On $L^2$ estimates for quadratic images of product Frostman measures

TL;DR

This paper establishes new $L^2$ estimates for quadratic images of Frostman measures, linking harmonic analysis with incidence geometry, and demonstrates the necessity of certain measure conditions for these bounds.

Contribution

It introduces a novel incidence estimate for bi-Lipschitz images of separated sets, enabling improved $L^2$ bounds for quadratic images of Frostman measures.

Findings

Proves $L^2$ energy estimates for quadratic images of Frostman measures.

Develops a new incidence bound for bi-Lipschitz images of separated sets.

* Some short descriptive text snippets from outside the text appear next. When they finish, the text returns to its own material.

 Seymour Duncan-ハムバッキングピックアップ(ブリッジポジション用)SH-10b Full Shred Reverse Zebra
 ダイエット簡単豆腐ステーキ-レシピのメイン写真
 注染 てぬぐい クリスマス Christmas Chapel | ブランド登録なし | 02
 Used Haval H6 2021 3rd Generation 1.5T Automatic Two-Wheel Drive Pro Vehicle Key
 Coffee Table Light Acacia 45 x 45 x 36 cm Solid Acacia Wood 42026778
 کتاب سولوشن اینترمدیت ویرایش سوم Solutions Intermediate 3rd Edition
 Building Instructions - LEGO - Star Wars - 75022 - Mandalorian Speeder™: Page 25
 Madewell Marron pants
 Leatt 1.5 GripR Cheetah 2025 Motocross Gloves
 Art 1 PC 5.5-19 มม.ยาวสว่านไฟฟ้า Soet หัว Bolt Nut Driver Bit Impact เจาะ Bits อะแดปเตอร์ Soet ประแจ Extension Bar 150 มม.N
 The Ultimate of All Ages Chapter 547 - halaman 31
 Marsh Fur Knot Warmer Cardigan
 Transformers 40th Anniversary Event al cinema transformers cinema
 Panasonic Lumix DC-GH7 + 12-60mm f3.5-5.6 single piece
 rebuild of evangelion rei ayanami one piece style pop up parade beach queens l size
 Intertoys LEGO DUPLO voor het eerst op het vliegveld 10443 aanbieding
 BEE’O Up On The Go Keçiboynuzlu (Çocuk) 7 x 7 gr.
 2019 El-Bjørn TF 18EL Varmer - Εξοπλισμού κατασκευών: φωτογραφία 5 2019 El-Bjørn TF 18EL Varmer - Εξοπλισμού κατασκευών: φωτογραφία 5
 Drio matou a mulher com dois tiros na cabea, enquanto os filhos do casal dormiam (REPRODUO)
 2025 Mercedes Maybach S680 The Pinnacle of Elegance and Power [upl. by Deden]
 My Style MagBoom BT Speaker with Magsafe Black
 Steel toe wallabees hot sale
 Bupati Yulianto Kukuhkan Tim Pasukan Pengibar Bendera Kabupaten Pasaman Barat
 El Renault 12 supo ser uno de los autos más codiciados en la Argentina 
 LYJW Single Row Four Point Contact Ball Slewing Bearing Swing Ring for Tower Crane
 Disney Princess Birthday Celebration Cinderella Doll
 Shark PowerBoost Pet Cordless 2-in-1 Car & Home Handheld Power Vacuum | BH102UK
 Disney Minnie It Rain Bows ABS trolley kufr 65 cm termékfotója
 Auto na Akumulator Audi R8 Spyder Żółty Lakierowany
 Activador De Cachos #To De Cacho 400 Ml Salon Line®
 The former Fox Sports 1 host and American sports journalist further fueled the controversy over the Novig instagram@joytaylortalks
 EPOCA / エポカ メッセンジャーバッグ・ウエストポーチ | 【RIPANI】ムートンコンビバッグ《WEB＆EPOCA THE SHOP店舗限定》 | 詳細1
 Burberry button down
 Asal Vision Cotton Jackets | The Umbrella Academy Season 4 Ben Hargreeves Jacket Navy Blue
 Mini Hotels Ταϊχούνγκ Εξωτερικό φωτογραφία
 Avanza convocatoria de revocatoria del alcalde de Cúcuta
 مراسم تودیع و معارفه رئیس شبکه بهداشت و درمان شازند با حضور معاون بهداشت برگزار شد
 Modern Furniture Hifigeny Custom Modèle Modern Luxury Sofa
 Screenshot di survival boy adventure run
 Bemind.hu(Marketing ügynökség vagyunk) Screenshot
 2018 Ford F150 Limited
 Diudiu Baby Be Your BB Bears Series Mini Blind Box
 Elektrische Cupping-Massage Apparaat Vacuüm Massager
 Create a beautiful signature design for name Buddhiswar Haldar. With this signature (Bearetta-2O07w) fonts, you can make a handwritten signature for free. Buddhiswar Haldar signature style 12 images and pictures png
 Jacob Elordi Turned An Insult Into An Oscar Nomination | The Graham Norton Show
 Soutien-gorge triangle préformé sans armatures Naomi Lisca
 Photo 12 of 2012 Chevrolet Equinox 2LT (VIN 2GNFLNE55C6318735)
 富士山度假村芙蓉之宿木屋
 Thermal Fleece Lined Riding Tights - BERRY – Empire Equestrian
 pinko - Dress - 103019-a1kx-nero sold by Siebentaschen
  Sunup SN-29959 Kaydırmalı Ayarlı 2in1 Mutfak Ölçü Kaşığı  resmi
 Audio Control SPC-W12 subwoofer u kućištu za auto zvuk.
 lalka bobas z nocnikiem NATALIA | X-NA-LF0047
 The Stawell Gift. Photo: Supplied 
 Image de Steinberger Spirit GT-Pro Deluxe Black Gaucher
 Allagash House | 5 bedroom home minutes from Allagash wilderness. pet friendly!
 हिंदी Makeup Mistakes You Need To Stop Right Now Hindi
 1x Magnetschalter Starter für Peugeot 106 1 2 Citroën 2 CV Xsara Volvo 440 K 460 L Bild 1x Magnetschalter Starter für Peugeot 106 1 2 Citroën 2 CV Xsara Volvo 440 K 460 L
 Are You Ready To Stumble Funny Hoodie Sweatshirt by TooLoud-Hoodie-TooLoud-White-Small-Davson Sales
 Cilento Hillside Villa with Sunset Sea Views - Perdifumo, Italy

Shows bounded support and Frostman conditions are essential for the estimates.

Abstract

Let $f\in\mathbb R[x,y,z]$ be a fixed non-degenerate quadratic polynomial. Given an $\alpha$-Frostman probability measure $\mu$ supported on $[0,1]$ with $\alpha\in(0,1)$, consider the pushforward measure $\nu=f_{\#}(\mu\times\mu\times\mu)$ on $\mathbb R$. We prove the following $L^2$ energy estimate: for a fixed nonnegative Schwartz function $\varphi$ with $\int\varphi=1$ and $\varphi_\delta(t)=\delta^{-1}\varphi(t/\delta)$, there exist $\epsilon>0$ and $\delta_{0}>0$ (depending only on $\alpha$ and the coefficients of $f$) such that \[ \int_{\mathbb R}(\varphi_\delta*\nu(t))^{2}\,dt \ \lesssim\ \delta^{\alpha+\epsilon-1} \qquad \text{for all } \delta\in(0,\delta_{0}]. \] The proof expands the $L^2$ energy into a weighted six-fold coincidence integral and reduces the main contribution to a planar incidence problem after a controlled change of variables. The key new input is an incidence estimate for point sets that arise as bi-Lipschitz images of a Cartesian product $M\times M$ of a $\delta$-separated and non-concentrated set $M$, yielding a power saving beyond what is available from separation and non-concentration alone. We also give examples showing that bounded support and Frostman-type hypotheses are necessary for such $L^{2}$ control.